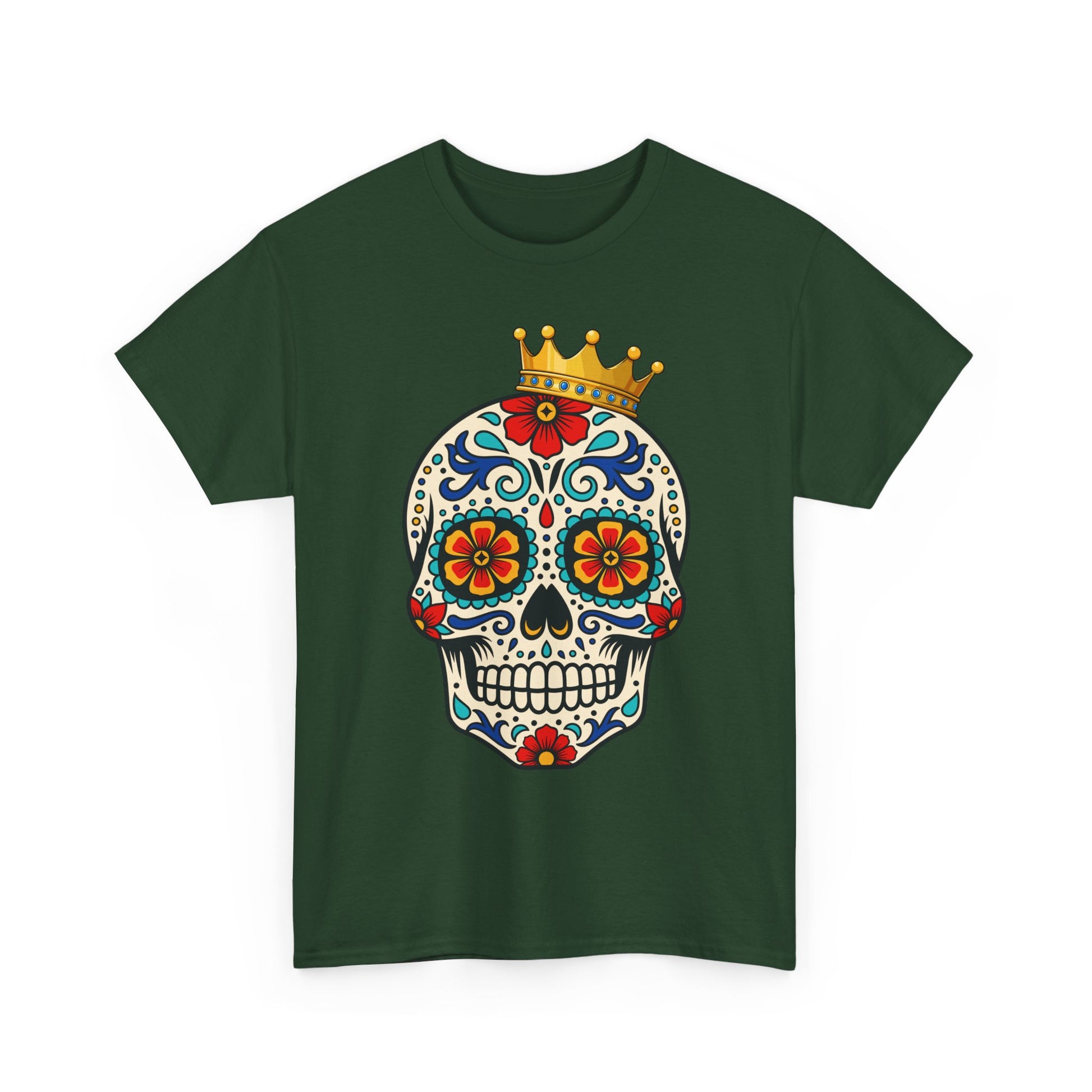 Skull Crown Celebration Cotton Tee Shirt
==
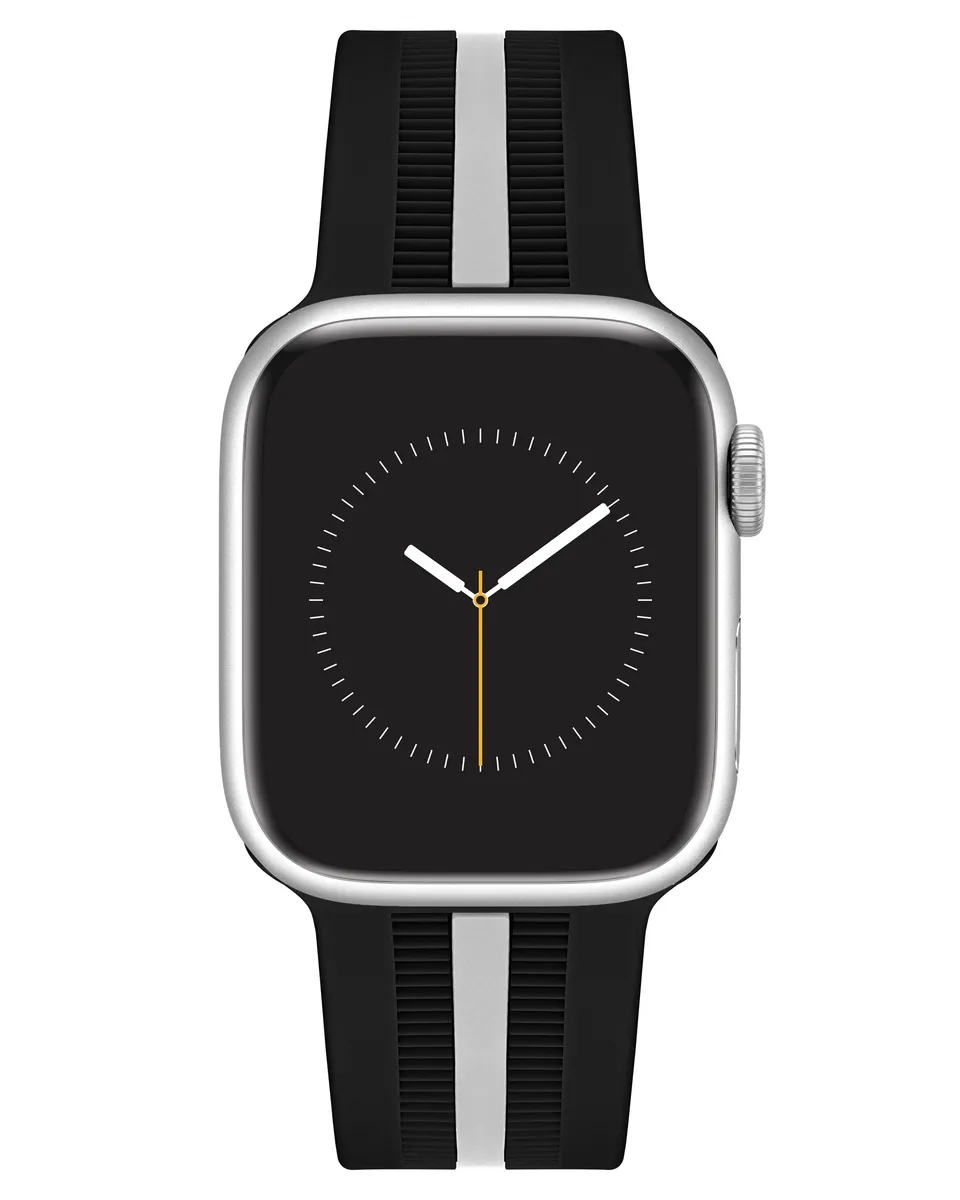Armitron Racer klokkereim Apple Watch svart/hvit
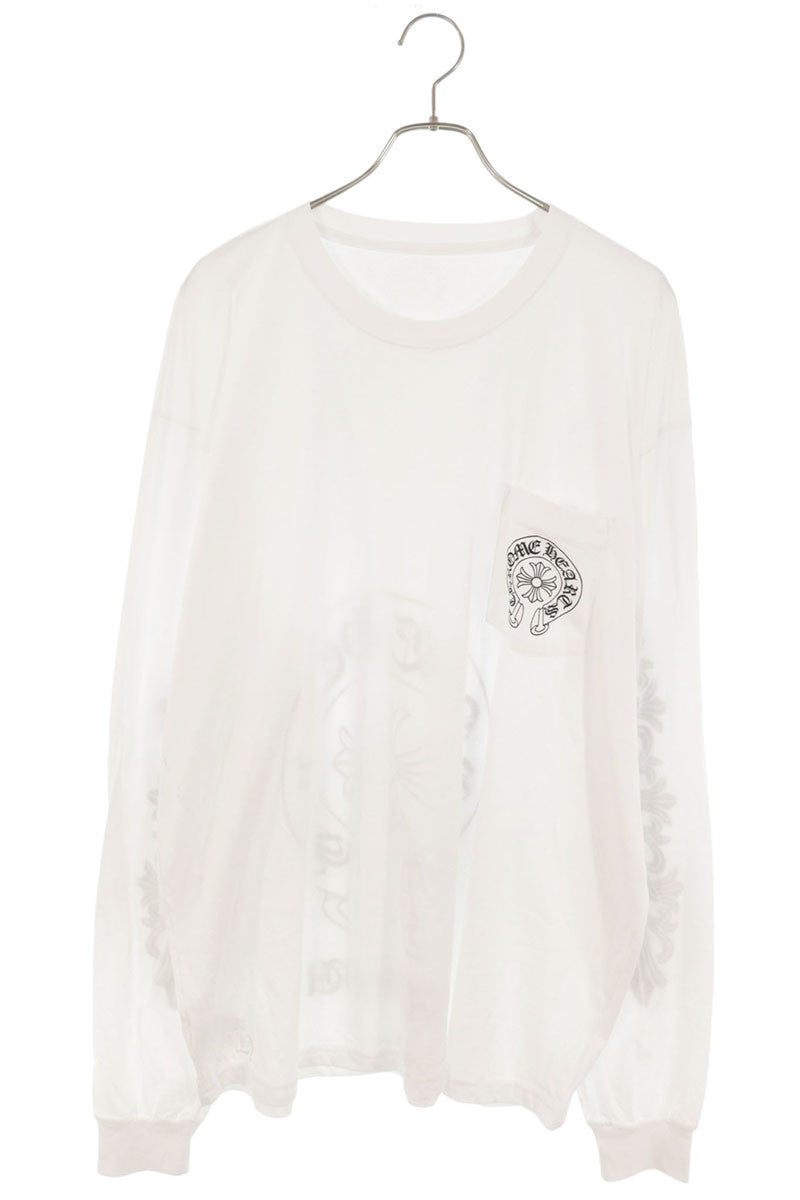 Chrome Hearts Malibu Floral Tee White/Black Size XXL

What you have to do:
Look above for the line containing "Armitron Racer klokkereim" and the line containing "Chrome Hearts Malibu", then reproduce both and everything between them exactly, pictures omitted.

Exercise answer:
Armitron Racer klokkereim Apple Watch svart/hvit
 Chrome Hearts Malibu Floral Tee White/Black Size XXL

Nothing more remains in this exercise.